Todo ciudadano, sobre todo si ocupa posiciones de liderazgo, debe recordar que la democracia no solo descansa en las normas, derechos y deberes reconocidos formalmente. También depende de los valores, actitudes, sensibilidades, responsabilidades, transparencia y hasta pudor desplegados al ejercer sus funciones. Su importancia crece con la jerarquía de los cargos. Y si en algún ámbito alcanza la máxima trascendencia, es en el Poder Judicial.
Quienes se encargan de administrar justicia y, por ende, resolver conflictos, son funcionarios públicos. En este sentido, tienen relaciones laborales y defienden derechos (o privilegios) propios. Nada malo en ello, si partimos de que habrá contrapartes independientes para juzgar sobre la legalidad, rectitud y conveniencia de sus pretensiones. Sin embargo, tales instancias no existen, porque son los propios jueces, en particular los magistrados, el eslabón final de los litigios.
Esa condición los confronta con inevitables conflictos de intereses, que solo pueden resolverse si se distancian totalmente de los intereses personales al decidir. Y aquí, además de las normas, entran en juego la misión y probidad consustanciales al cargo, que deben practicarse y demostrarse sin fisuras. De lo contrario, actos que puedan justificarse con razonamientos legales o constitucionales perderán legitimidad y vulnerarán el tejido democrático.

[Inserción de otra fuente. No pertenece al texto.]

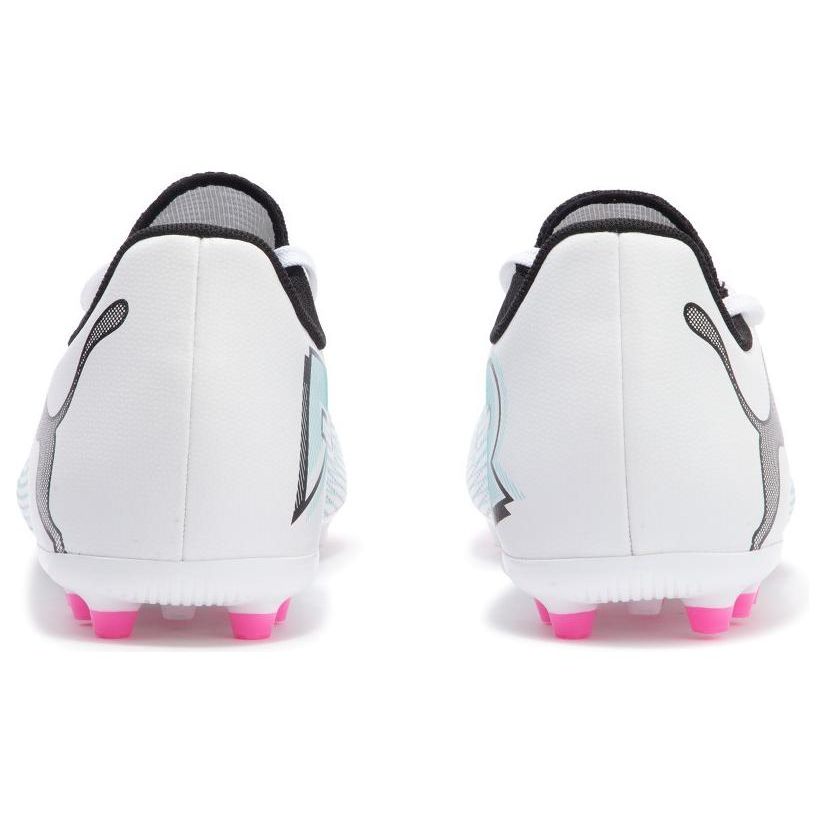 Puma Future 7 Play Comfortable Simple Mg (Rubber Short Studs) Synthetic Leather Shock Absorbing Lightweight Soccer Shoes Men Soccer Shoes 107725-01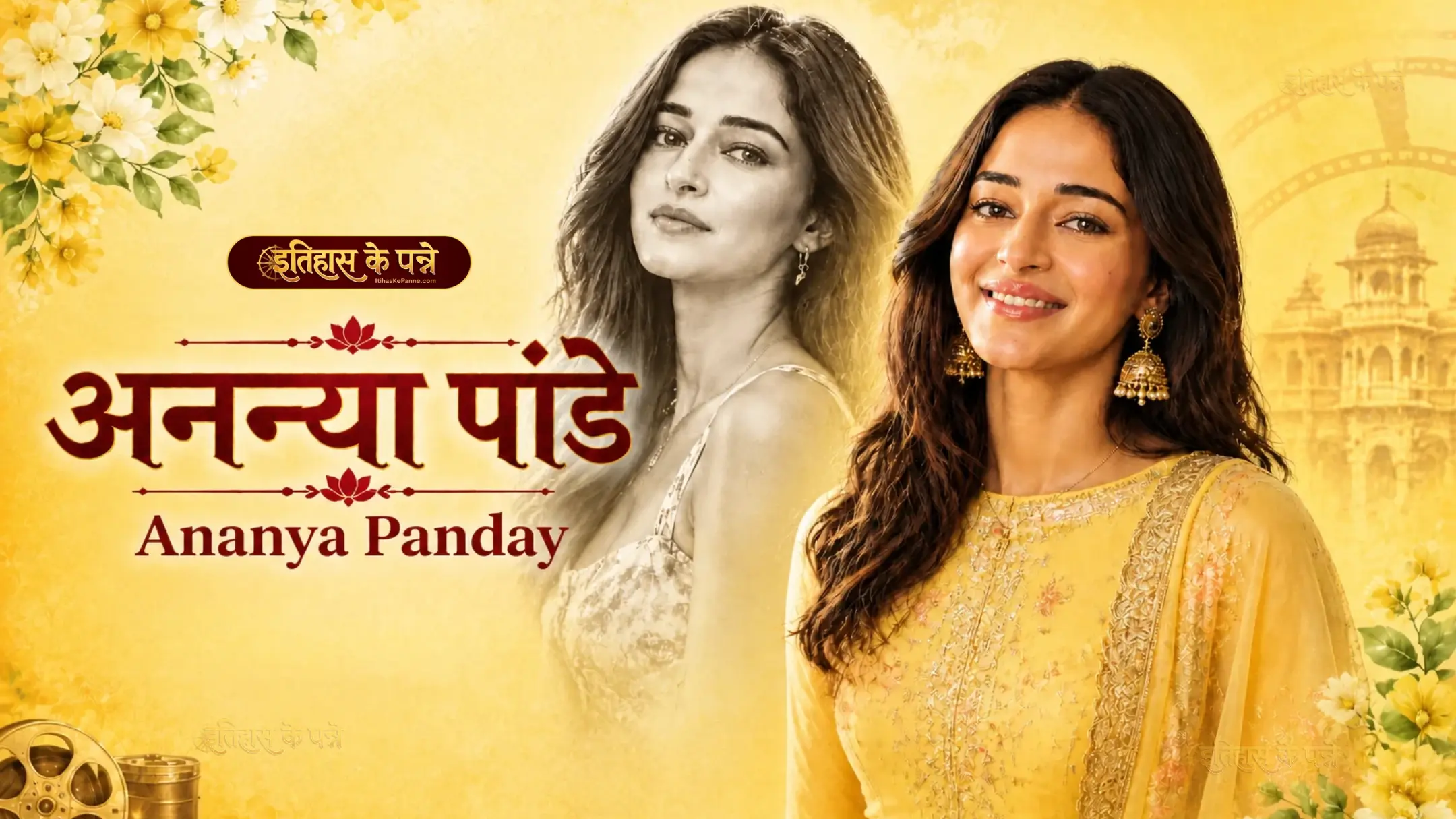 अनन्या पांडे | Ananya Panday | 30 October 1998
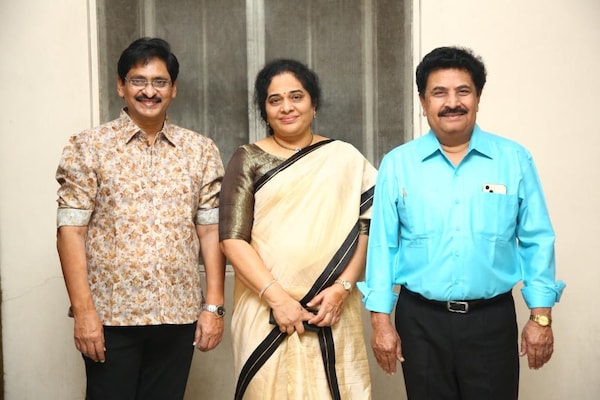 With Koneru Kalpana and Atchi Reddy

Cuando la presidenta de la Corte Suprema de Justicia, Zarela Villanueva, se opone en la Asamblea Legislativa al tope de ¢4,7 millones para las pensiones del Poder Judicial, actúa como representante de un gremio –el de los magistrados– que busca maximizar sus rentas. Pero es imposible que, al hacerlo, se despoje de su investidura, que la obliga a definir sobre los topes de pensiones tanto propias como ajenas. Es juez y parte, un enorme desafío ético.
¿ Con qué toga se vestirán los magistrados al resolver esos casos? ¿Cómo abordarán, por ejemplo, los recursos de los exdiputados Rolando Laclé y Danilo Chaverri, también encaminados a salvar privilegios de pensión adquiridos legalmente, si su decisión los podría afectar en el futuro? ¿Usarán la normativa inconfesable del gremialismo o el supremo deber de considerar los valores de constitucionalidad, equidad, igualdad, pertinencia y conveniencia a que los obligan sus cargos? Quisiera pensar que será esto último. Pero lo ocurrido hasta ahora me despoja de optimismo.
(*) Eduardo Ulibarri es periodista, profesor universitario y diplomático. Consultor en análisis sociopolítico y estrategias de comunicación. Exembajador de Costa Rica ante las Naciones Unidas (2010-2014).